• DATA BLOCK:
=-=-=
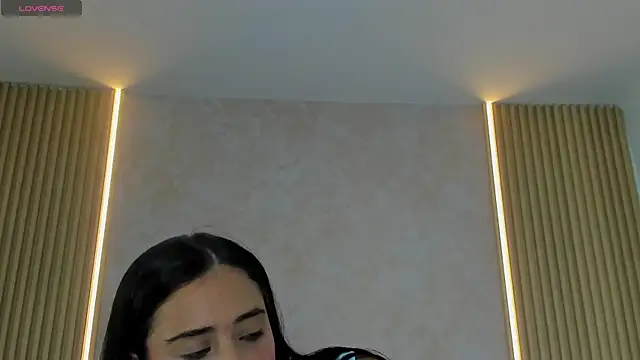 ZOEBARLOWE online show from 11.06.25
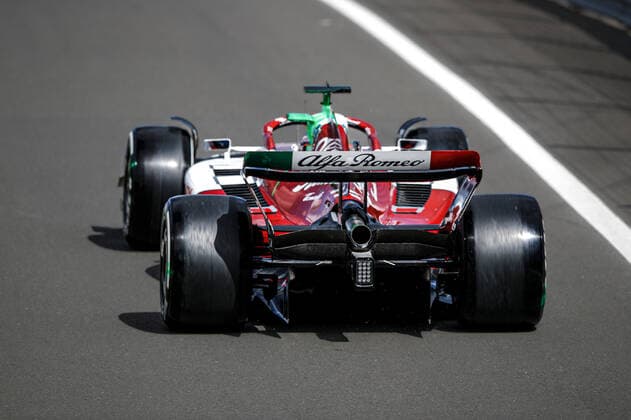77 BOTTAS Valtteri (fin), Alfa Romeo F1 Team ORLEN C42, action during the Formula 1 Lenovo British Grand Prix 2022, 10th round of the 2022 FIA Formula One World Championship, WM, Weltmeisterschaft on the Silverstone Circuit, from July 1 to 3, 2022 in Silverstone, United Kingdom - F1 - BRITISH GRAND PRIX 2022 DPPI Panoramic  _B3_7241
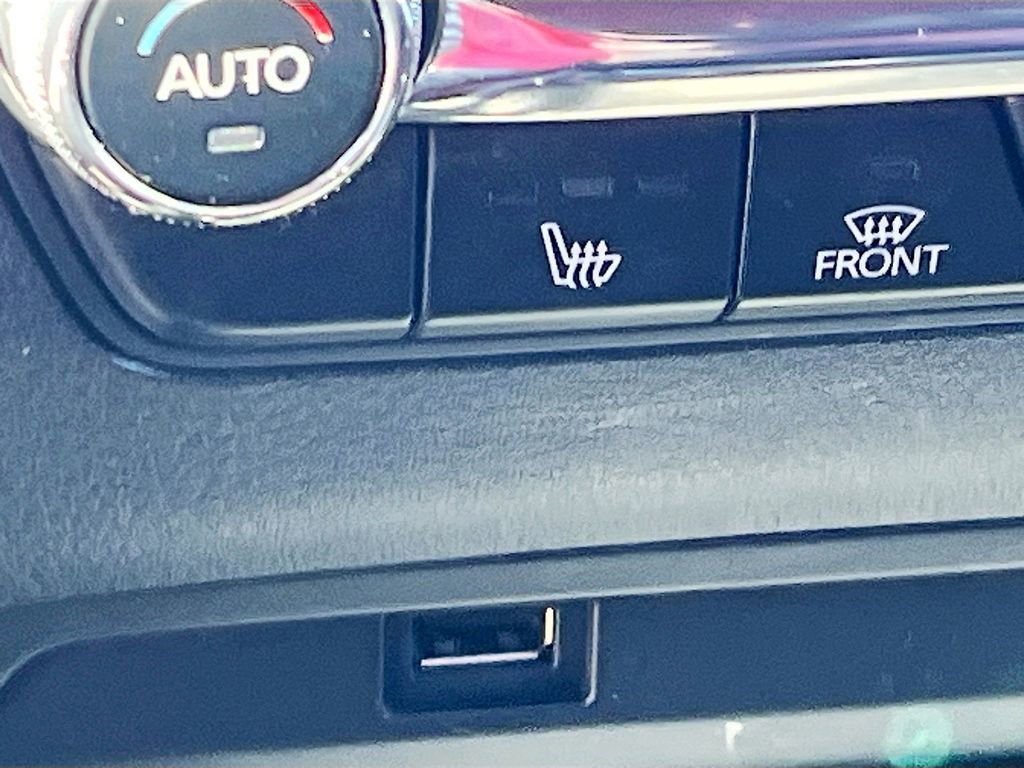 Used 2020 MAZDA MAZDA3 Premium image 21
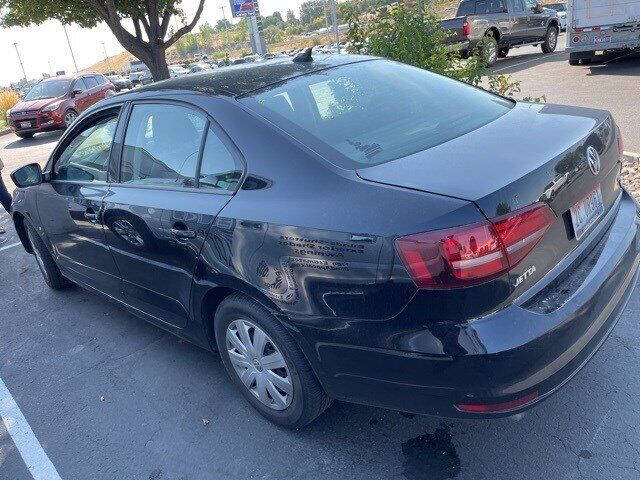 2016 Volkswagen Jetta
=-=-=
• PROBLEM DETAILS: In your copy, reproduce the data above exactly and skip every picture.

• RESPONSE TO THE EXERCISE:
 ZOEBARLOWE online show from 11.06.25
77 BOTTAS Valtteri (fin), Alfa Romeo F1 Team ORLEN C42, action during the Formula 1 Lenovo British Grand Prix 2022, 10th round of the 2022 FIA Formula One World Championship, WM, Weltmeisterschaft on the Silverstone Circuit, from July 1 to 3, 2022 in Silverstone, United Kingdom - F1 - BRITISH GRAND PRIX 2022 DPPI Panoramic  _B3_7241
 Used 2020 MAZDA MAZDA3 Premium image 21
 2016 Volkswagen Jetta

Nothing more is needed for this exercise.